打开CableCompoent.cpp,找到OnRegister函数。它是Component的初始化函数
void UCableComponent::OnRegister() { Super::OnRegister(); const int32 NumParticles = NumSegments+1; Particles.Reset(); Particles.AddUninitialized(NumParticles); FVector CableStart, CableEnd; GetEndPositions(CableStart, CableEnd); const FVector Delta = CableEnd - CableStart; for(int32 ParticleIdx=0; ParticleIdx<NumParticles; ParticleIdx++) { FCableParticle& Particle = Particles[ParticleIdx]; const float Alpha = (float)ParticleIdx/(float)NumSegments; const FVector InitialPosition = CableStart + (Alpha * Delta); Particle.Position = InitialPosition; Particle.OldPosition = InitialPosition; Particle.bFree = true; // default to free, will be fixed if desired in TickComponent } }这里主要做了初始化操作,先确定粒子的数量,粒子的数量时绳子的段数+1。
完成初始化后,会执行Tick函数
void UCableComponent::TickComponent(float DeltaTime, enum ELevelTick TickType, FActorComponentTickFunction *ThisTickFunction) { Super::TickComponent(DeltaTime, TickType, ThisTickFunction); const FVector Gravity = FVector(0, 0, GetWorld()->GetGravityZ()) * CableGravityScale; // Update end points FVector CableStart, CableEnd; GetEndPositions(CableStart, CableEnd); FCableParticle& StartParticle = Particles[0]; if (bAttachStart) { StartParticle.Position = StartParticle.OldPosition = CableStart; StartParticle.bFree = false; } else { StartParticle.bFree = true; } FCableParticle& EndParticle = Particles[NumSegments]; if (bAttachEnd) { EndParticle.Position = EndParticle.OldPosition = CableEnd; EndParticle.bFree = false; } else { EndParticle.bFree = true; } // Ensure a non-zero substep float UseSubstep = FMath::Max(SubstepTime, 0.005f); // Perform simulation substeps TimeRemainder += DeltaTime; while(TimeRemainder > UseSubstep) { PerformSubstep(UseSubstep, Gravity); TimeRemainder -= UseSubstep; } // Need to send new data to render thread MarkRenderDynamicDataDirty(); // Call this because bounds have changed UpdateComponentToWorld(); };
其实这里思路也挺清晰的。
判断绳子最前端和最后端的粒子时锁定状态还是自由状态,然后在PerformSubstep(UseSubstep, Gravity);种执行韦尔莱算法更新particles的位置,方便给渲染线程重构顶点位置。如果你激活了物理模拟,它还会计算物理状态。

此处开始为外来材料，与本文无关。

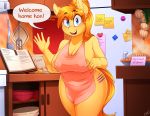 2018 anthro apron areola breasts clothing creme_poni cutie_mark dialogue digital_media_(artwork) earth_pony english_text equine fan_character female food hair hi_res horse kitchen looking_at_viewer mammal my_little_pony naked_apron nipple_bulge open_mouth pie pony replica_(artist) slightly_chubby solo text thick_thighs voluptuous 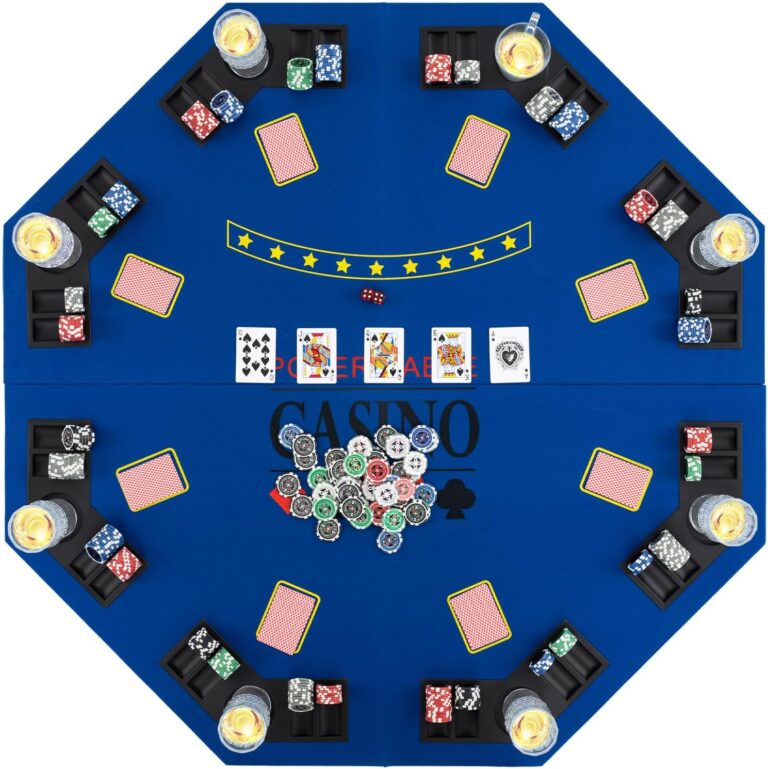 Giantex 48″ Poker Table Top | 8-Player Foldable Texas Holdem Mat w/Carrying Bag, Cup Holders & Chip Trays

void UCableComponent::PerformSubstep(float InSubstepTime, const FVector& Gravity) { SCOPE_CYCLE_COUNTER(STAT_Cable_SimTime); VerletIntegrate(InSubstepTime, Gravity); SolveConstraints(); if (bEnableCollision) { PerformCableCollision(); } }
这里还是很清晰的。先执行韦尔莱运算,然后对粒子进行约束,然后如果激活了物理,再计算物理碰撞。

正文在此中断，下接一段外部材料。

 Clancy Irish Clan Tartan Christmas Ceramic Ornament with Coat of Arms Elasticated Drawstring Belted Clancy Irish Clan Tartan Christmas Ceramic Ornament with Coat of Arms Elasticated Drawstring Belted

SolveConstraints()会调用SolveDistanceConstraint。它的作用是把粒子约束在合理的范围内。这里可以把它理解为反作用力的效果计算,韦尔莱是作用力的计算部分。
/** Solve a single distance constraint between a pair of particles */ static void SolveDistanceConstraint(FCableParticle& ParticleA, FCableParticle& ParticleB, float DesiredDistance) { // Find current vector between particles FVector Delta = ParticleB.Position - ParticleA.Position; // float CurrentDistance = Delta.Size(); float ErrorFactor = (CurrentDistance - DesiredDistance)/CurrentDistance; // Only move free particles to satisfy constraints if(ParticleA.bFree && ParticleB.bFree) { ParticleA.Position += ErrorFactor * 0.5f * Delta; ParticleB.Position -= ErrorFactor * 0.5f * Delta; } else if(ParticleA.bFree) { ParticleA.Position += ErrorFactor * Delta; } else if(ParticleB.bFree) { ParticleB.Position -= ErrorFactor * Delta; } }
以上是逻辑线程的部分。渲染线程则负责用逻辑线程的这些计算结果莱计算图元的最终形状。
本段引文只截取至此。